Fitting the Optimal Random Forest Model

# Training the optimal Random Forest Classification model on the Training set
Randomclassifier_optimal = RandomForestClassifier(criterion='entropy', max_depth=5, max_features='auto',
                       n_estimators=10, random_state=1)
Randomclassifier_optimal.fit(X_train, y_train)

# Predicting the Test set results using the optimal model
survival_predictions_optimal = Randomclassifier_optimal.predict(X_test)

# Making the Confusion Matrix
cm = confusion_matrix(y_test, survival_predictions_optimal)

print(cm)
accuracy_score(y_test, survival_predictions_optimal)

[[105   5]
 [ 25  44]]





0.8324022346368715



The default/initial model has a prediction accuracy rate of 85.47%, whiles the optimal model has an accuracy rate of 82.68%. This implies that our default model has outperformed the supposed optimal model.

2. K-Nearest Neighbor (K-NN) Classification Model

K-NN is a non-parametric classification method used to solve both classification and regression problems. The K-NN classified a response variable given set of predictor values by identifying the K nearest points or neighbors in the training data that are closest to the given value. K is a hyper-parameter that can be pre-specified through cross-validation. In this study, we will first fit a K-NN model to the training data by simply specifying a default value for K. We will then tune our model parameters using the grid search cross-validation to obtain the best K for our model. The best K will then be used to fit the optimal model for this algorithm.

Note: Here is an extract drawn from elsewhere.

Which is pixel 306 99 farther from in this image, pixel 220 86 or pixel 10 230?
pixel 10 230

# Training the K-NN model on the Training set

Knnclassifier = KNeighborsClassifier(n_neighbors = 5,leaf_size=3, algorithm='auto', metric = 'minkowski', p = 1)
Knnclassifier.fit(X_train, y_train)

# Predicting the Test set results
survival_pred = Knnclassifier.predict(X_test)

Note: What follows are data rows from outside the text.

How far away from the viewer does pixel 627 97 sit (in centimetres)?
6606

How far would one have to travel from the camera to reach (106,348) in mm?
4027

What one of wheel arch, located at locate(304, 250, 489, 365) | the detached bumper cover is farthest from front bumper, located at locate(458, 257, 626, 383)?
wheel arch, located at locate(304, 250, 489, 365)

# Making the Confusion Matrix
cm = confusion_matrix(y_test, survival_pred)
print(cm)
accuracy_score(y_test, survival_pred)

[[97 13]
 [19 50]]





0.8212290502793296

Tuning K-NN Hyperparameters using Gridsearch Cross-Validation

#List of Hyperparameters in dictionary format
hyperparameters = dict(leaf_size=list(range(3,50)), n_neighbors=list(range(5,35)), p=[1,2])
grid_search_knn = GridSearchCV(Knnclassifier, hyperparameters, cv=10)
#Fit the model
best_model = grid_search_knn.fit(X_train,y_train)
print(grid_search_knn.best_estimator_)

KNeighborsClassifier(leaf_size=3, n_neighbors=8, p=1)

Fitting the Optimal K-NN Model

# Training the optimal K-NN model on the Training set

knnclassifier_optimal = KNeighborsClassifier(n_neighbors = 8,leaf_size=3, algorithm='auto', metric = 'minkowski', p = 1)
knnclassifier_optimal.fit(X_train, y_train)

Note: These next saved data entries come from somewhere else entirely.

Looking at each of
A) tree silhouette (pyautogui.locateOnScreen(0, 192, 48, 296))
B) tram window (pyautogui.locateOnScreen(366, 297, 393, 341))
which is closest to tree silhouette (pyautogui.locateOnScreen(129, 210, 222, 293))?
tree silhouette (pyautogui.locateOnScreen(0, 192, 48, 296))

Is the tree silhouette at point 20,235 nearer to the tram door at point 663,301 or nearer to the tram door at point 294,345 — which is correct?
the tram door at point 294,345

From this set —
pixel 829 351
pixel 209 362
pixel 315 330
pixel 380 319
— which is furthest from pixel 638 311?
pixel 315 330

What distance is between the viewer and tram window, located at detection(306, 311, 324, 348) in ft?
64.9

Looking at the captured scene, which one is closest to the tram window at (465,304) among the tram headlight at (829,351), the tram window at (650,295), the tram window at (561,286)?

# Predicting the Test set results using the optimal model
survival_pred_optimal = knnclassifier_optimal.predict(X_test)

# Making the Confusion Matrix
cm = confusion_matrix(y_test, survival_pred_optimal)
print(cm)
print(accuracy_score(y_test, survival_pred_optimal))
Knn = accuracy_score(y_test, survival_pred_optimal)

Before tuning the K-NN parameter, the default K-NN model has a prediction accuracy rate of 82.12%. After tuning, we obtained an accuracy rate of 82.68%, which is a little improvement over of the default model.

[[96 14]
 [34 35]]
0.7318435754189944

3. Support Vector Machine (SVM) Classification Model

SVM is a supervised machine learning model which can be used for classification and regression. SVM is known to be one of the most robust prediction method, by being able to handle both linear and non-linear problems in machine learning. Three parameters will be considered here, the kernel, gamma, and C (Regularization parameter). These parameters are can be obtained through cross-validation.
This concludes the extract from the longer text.